The world of economics is in a tizzy about quality of research and the little devils that can ruin the best of intentions. It all started with a research paper published in 2010 by professors Carmen Reinhart and Kenneth Rogoff, of Harvard University who, using published data, found that nations that had a debt to gross domestic product greater than 90 per cent were in danger of seeing their average growth rate fall by 0.1 per cent.

This finding was of great interest to policy makers, since this was post-global economic crisis when many countries were thinking of taking on more debt in order to increase their spending as a stimulation to their economies. The research gave a fillip to the opposite argument, that what was needed was austerity.

Other studies that examined the same issue of debt also seemed to support the findings and warned highly indebted countries from taking on even more debt.

Now, a paper published earlier this month by three authors, Thomas Herndon, Michael Ash and Robert Pollin, of the University of Massachusetts Amherst (my alma mater , I may proudly add) has cast a doubt on the Reinhart-Rogoff findings. This study grew out of the efforts of the first author, a graduate student, who tried to replicate the Reinhart-Rogoff study as assignment for a course.

Findings questioned

Finding that the results were not the same, he then sought and obtained the original data sheet from Reinhart-Rogoff, and found simple miscalculations and data exclusions in their study. Correcting these errors, Herndon et al found that the average growth for the high debt countries would be 2.2 per cent, and not negative as the original study claimed. A major reversal of the conclusions.

This ‘incident’ allows us to draw some lessons. One is the importance of being able to replicate research, using the same or similar data to study the same questions and to see if the same results are obtained. The other is being able to access the data set of other scholars.

This is quite often impossible, for researchers will hide behind confidentiality and various other excuses and not share their data. This is especially so if the data are not publicly available but have been collected as primary data through surveys, and so on.

Gate keepers such as journal editors and reviewers ask for a lot of details about the research methodology and analysis from those who submit a manuscript to get a sense of the reliability and validity of the data, analysis and the conclusions, but even they rarely have the time or the inclination to ask for the raw data and run the analysis themselves.

Replicability issues

In general, research in the sciences differentiates itself from the social sciences in the matter of replicability. If chemical A mixed with chemical B and heated to C results in D, and it is published, anyone can try it out and see if it is true. In most social sciences, this is difficult to do, and even when possible, is often not attempted.

The other problem that complicates social science research is the difficulty of establishing cause and effect relationships between variables due to the many variables that can affect the situation, and the inability to keep all the other intervening variables constant, or trying to control them. Thus, conclusions are provided with various caveats about the weaknesses of the study and the limitations on generalisability.

In the business/management field, there is an ongoing debate on the issue of relevance of research. When primary data are collected through surveys, replicability becomes almost impossible.

In short, research conclusions rarely contribute to cumulative knowledge.
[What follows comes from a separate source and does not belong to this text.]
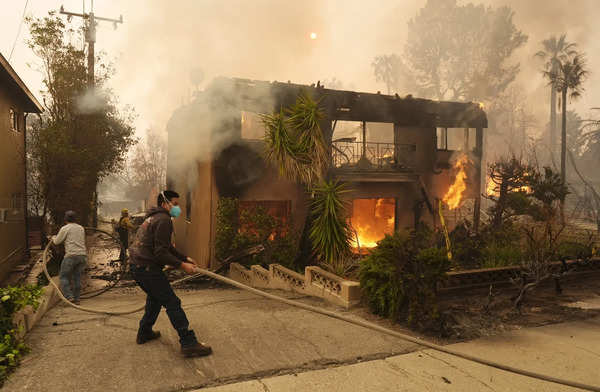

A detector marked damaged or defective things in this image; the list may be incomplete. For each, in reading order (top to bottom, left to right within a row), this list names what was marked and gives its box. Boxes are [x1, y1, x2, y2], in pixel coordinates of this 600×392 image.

Can’t blame the business folks for ignoring much academic business research!

Research vs education

In an article published online at the Knowledge@Wharton Web site in February this year, Larry Zicklin, a former chairman of a financial services firm and a finance professor, argued that with university reward systems driving faculty to publish, much research that is done is irrelevant, and students end up paying for it through higher tuition fees, since faculty teaching loads are lowered in research-driven universities to allow their faculty to be engaged in research.

He comments about a faculty member who is highly regarded for his research in the area of finance: “I’ve worked for 50 years and I didn’t have a clue as to what his most recent articles were about… (His research was directed at) the community of scholars who write for one another but not for their students and certainly not for business executives who are interested in practical ideas that might actually work.”

A particularly tough rhetorical question Zicklin asks is: If business research is useful, why are corporations so reluctant to pay for it?

The message from all this is that all educational institutions should not join the game of pursuing research just because it helps the reputation or ranking of the institution.

The majority of institutions should realise that they may make a better contribution to society focused on education, which is not the same as research, and which involves paying attention to teaching and making education affordable to those who need it.

Those institutions that wish to pursue the research route should also be careful that what they encourage in their scholars is relevant and applicable.

(The author is professor of International Business and Strategic Management at Suffolk University, Boston, US.)